I should also note that I haven't tested this capability, but I'm pretty confident it will work more-or-less out of the box, as the box currently stands.

In the context of a dripline application, there are extra layers of specification. In the core class, the order of precedence for member variable specification is:

default values --> auth file (for broker and broker-port) --> config object --> constructor arguments.

Everything we've talked about so far above goes towards specifying the config object, so the order of precedence is still understandable.

laroque commented 4 years ago

To be concrete with a second use case, let's consider the slack_relay service. It binds the alerts exchange with status_message.# where it expects messages of the form status_message.<message_severity>.<sender_name>. It then has a mapping between message_severity values and slack channels, and uses the sender_name to set the "username" when posting. In order to do this, it needs several "token" values so that it can interact with slack's REST API (similar for google in operator bot, or postgres in the sensor logger).

Say I were to set an environment variable DRIPLINE_SLACK_API_TOKEN="xoxb-12341234-ABCDEFG", how would I access that in this code:

class SlackRelay(Service):
    def __init__(self, api_token=None, **kwargs):
        Service.__init__(self, **kwargs)
        #some magic here to check if there's a value in the master config and update if passed value is None?
        self._api_token = api_token
nsoblath commented 4 years ago

Ben and I had a conversation on Slack that eventually came up with a solution that we think might work. I'll try to summarize the conclusions here.
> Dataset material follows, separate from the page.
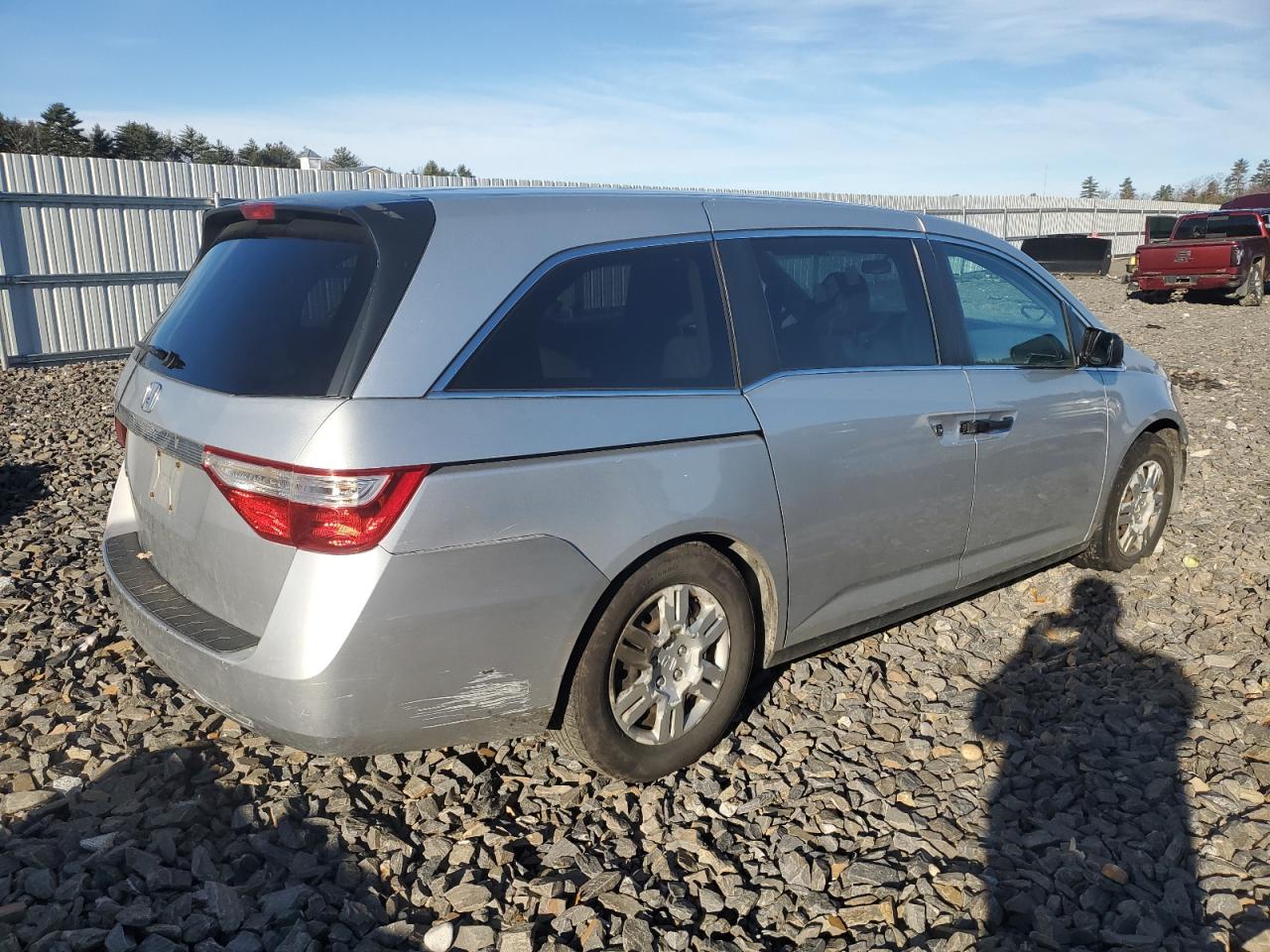 Image 3 of 2013 HONDA ODYSSEY LX 2013 with VIN 5FNRL5H22DB048155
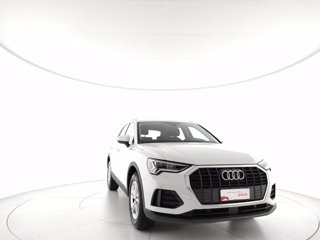 AUDI Q3 35 2.0 tdi business s-tronic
All of this is about putting together a master configuration (in the form of a param_node, for instance) that contains all of the necessary information for an application. For applications like dl-agent the pieces involved are all known at compile time. So all of the relevant CL options and any mappings to environment variables can be hard-coded.

On the other hand, for applications like dl-serve (and psyllid and katydid), the components that will be used are not known at compile time. Using psyllid as an example, a psyllid config file specifies a list of "nodes" that get created at runtime, and the configuration of that node that is applied once it's created. This is the sort of situation we're dealing with in dl-serve as well.
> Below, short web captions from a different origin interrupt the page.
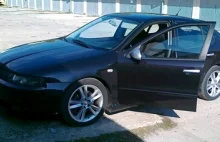 Skradziono auto: Seat Leon LC 48755 19 II 2016 Prośba o efekt wykop.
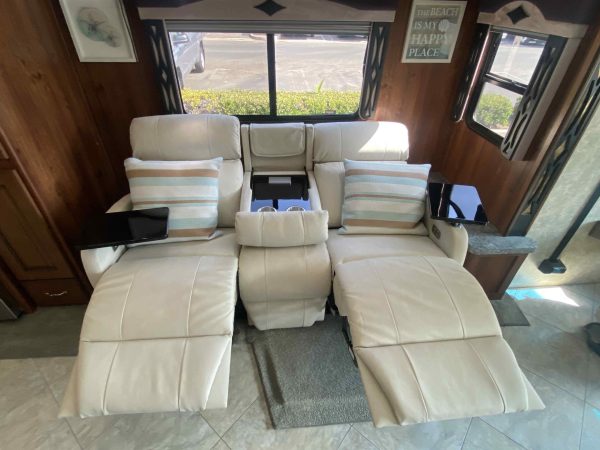 2013 Fleetwood Excursion 33A - Image 27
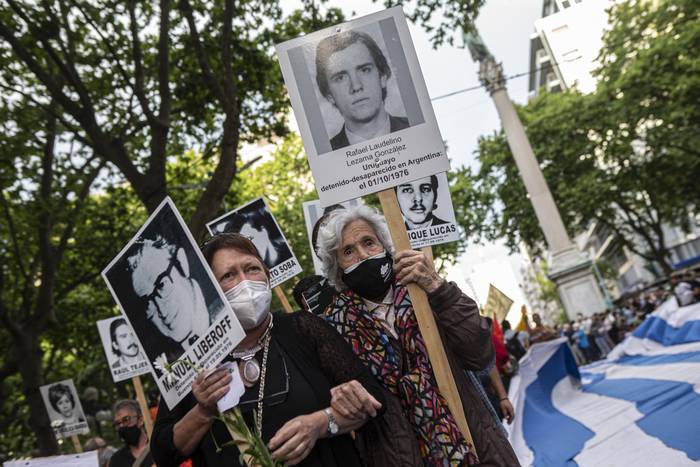 Marcha contra la propuesta de prisión domiciliaria de Cabildo Abierto, el jueves 9. · Foto: .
Speaking in the concrete terms of a psyllid configuration, there could be situations where a node needs a piece of global configuration information (this has come up in psyllid, actually, and it's not well handled at the moment). For example, let's say a node wants to access a database. It will need the DB username and password. We don't want to put that in the config file, so we could imagine that it's put in a pair of environment variables at runtime. Then the configuration process needs to be able to access that information. However, it might not be just that node that wants DB access. So it'd be better to have that information at a global level in the configuration, and be able to refer to it from the node's configuration. That leads us to want a couple of concrete features:

  1. Access environment variables from a configuration
  2. Set a value by referring to another place in the configuration file

While we're it I'll add a third point that would be convenient and is similar in scope:

  1. Set and use variables within the configuration

So all of this points towards a system where we process a configuration to do those three things. We would need to use some unique syntax to avoid clashing with jinja2 (currently used for helm-based deployments) and other common systems.

I would suggest, then, the following procedure for building a configuration:

  1. Do the existing configuration building: defaults --> user config file --> non-option CL arguments --> CL options (also allowing for environment variable substitution via CLI11)
  2. Pull variable assignments from the configuration (I suggest a simple global scope for variables values)
  3. Resolve intra-document links
  4. Perform variable substitution
  5. Pull information from environment variables

The order of operations above needs to be thought through carefully, and my suggestion here is only preliminary.

This would all go in Scarab and integrate with the existing application/CLI setup.